Fairness demands acknowledging that Babalanda’s second term will not be a victory lap. The challenges facing the Ministry of the Presidency in the 2026–2031 period are formidable.

The Parish Development Model (PDM):  President Museveni’s flagship poverty reduction programme, will require more intensive monitoring than ever before, and the RDC structure will be the primary monitoring mechanism. Leakages, misappropriation, and poor targeting have already been documented in some areas, and the Ministry must tighten oversight significantly.

The digital transformation of public service delivery demands that the RDC corps, many of whom come from a generation more comfortable with physical engagement than digital tools, be equipped and empowered to operate in an increasingly digital governance environment.

The RDC welfare question also remains live. Some RDCs still operate without adequate office space, transport, and logistical support,  a matter Babalanda has begun to address through phased construction of offices and provision of vehicles, but which requires sustained political and budgetary commitment.

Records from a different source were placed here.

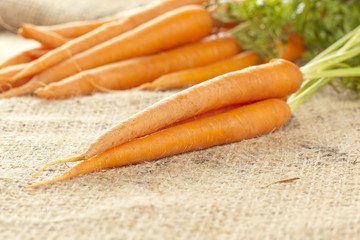 Fresh Organic Carrots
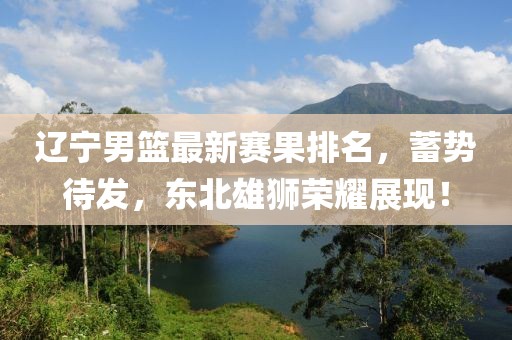 辽宁男篮最新赛果排名，蓄势待发，东北雄狮荣耀展现！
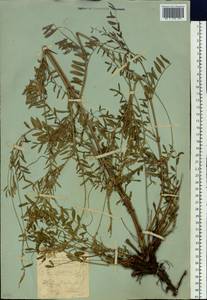 Onobrychis arenaria subsp. sibirica (Besser)P.W.Ball, Siberia, Yakutia (S5) (Russia)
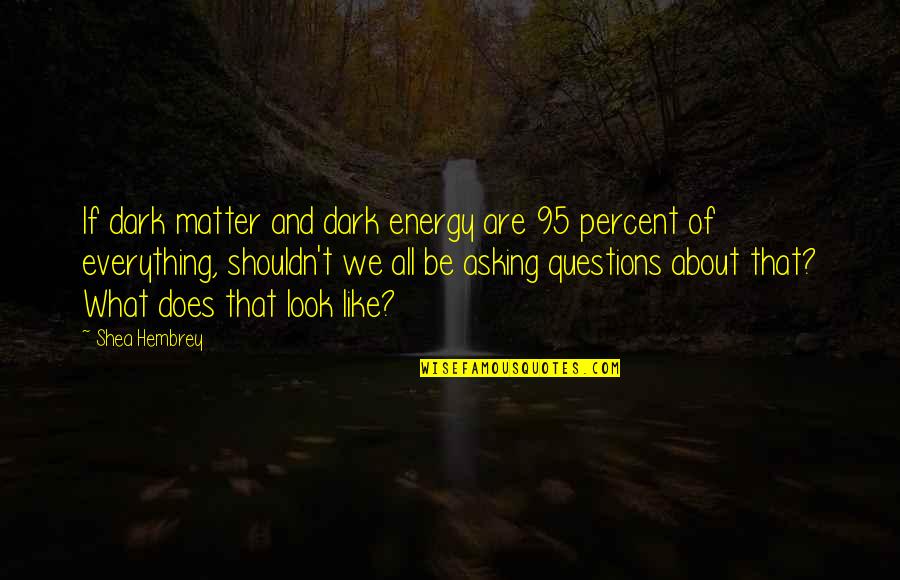 22th Monthsary Quotes By Shea Hembrey: If dark matter and dark energy are 95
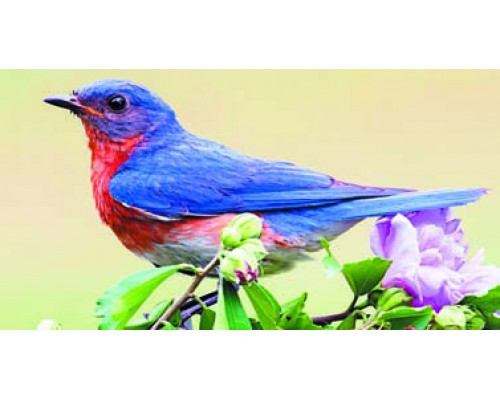 Desk Calendar DC13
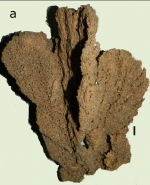 Clathria (Clathria) gomezae Van Soest, 2017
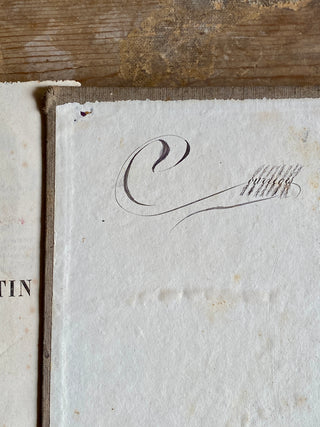 Pair of Antique French-Latin School Dictionaries Dated 1881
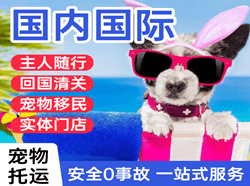 西宁曹家堡机场物流国际宠物托运 【国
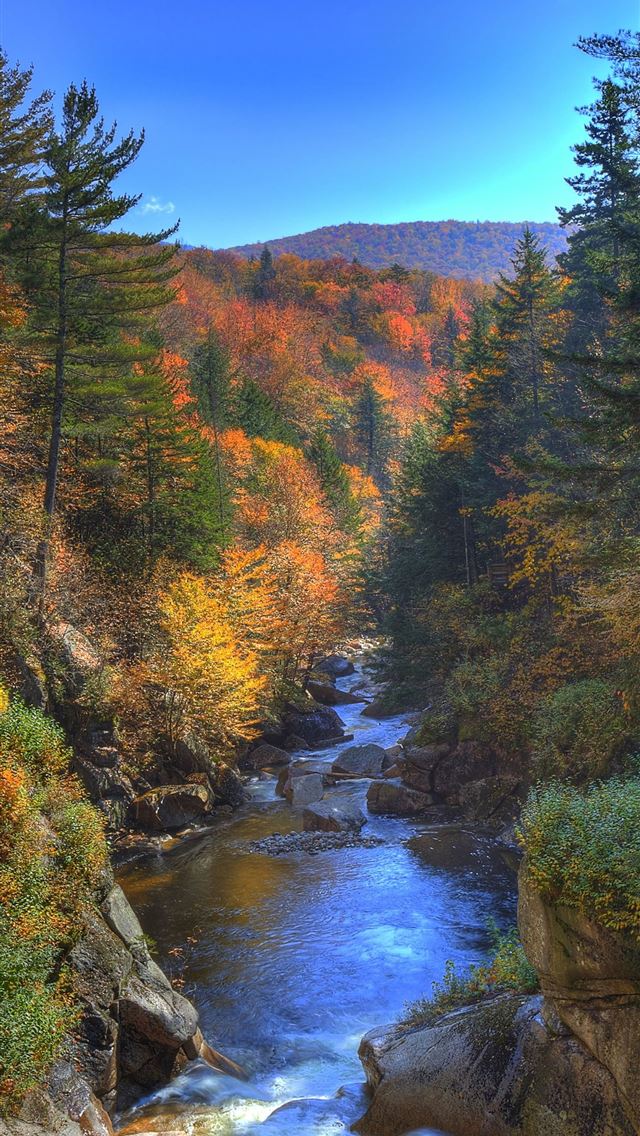 1284x2778 new hampshire - new hampshire iPhone Wallpaper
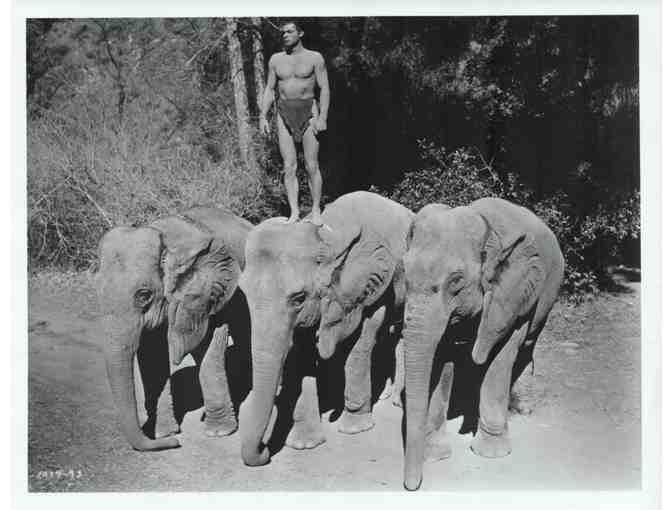 JOHNNY WEISSMULLER, group of classic celebrity portraits, stills or photos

And perhaps most profoundly, the ministry must continue to navigate its inherently dual nature, it is simultaneously administrative and political, both a service delivery overseer and a political mobilisation structure. Managing that duality with integrity, so that the constitutional mandate is not subordinated to partisan interests, will define whether this second term surpasses the first.

The bar is high. Babalanda set it herself.

Not Just the Right Person 

Milly Babalanda’s reappointment as Minister for the Presidency is one of the most defensible decisions in President Museveni’s 2026 cabinet formation. It is defensible not on grounds of loyalty alone, not on the basis of regional arithmetic, not as a reward for political service, though all of these may have played their part. It is most powerfully defensible on the basis of documented, measurable, institutionally grounded performance.

She transformed an underperforming RDC corps into the most coordinated presidential field structure Uganda has seen in decades. She protected her institution from scandal in an environment where scandal is pervasive. She earned international recognition for her work on HIV/AIDS. She built systems that outlasted individual appointments and created accountability architectures that serve Vision 2040. She did all of this as the sole minister in a docket that demands the energy of three.

And she did it as a daughter of the soil, carrying the weight of ordinary Ugandans’ expectations with the discipline of someone who has never forgotten where she came from.

The reappointment was right. The person is right. And Uganda, if it pays attention, should be grateful.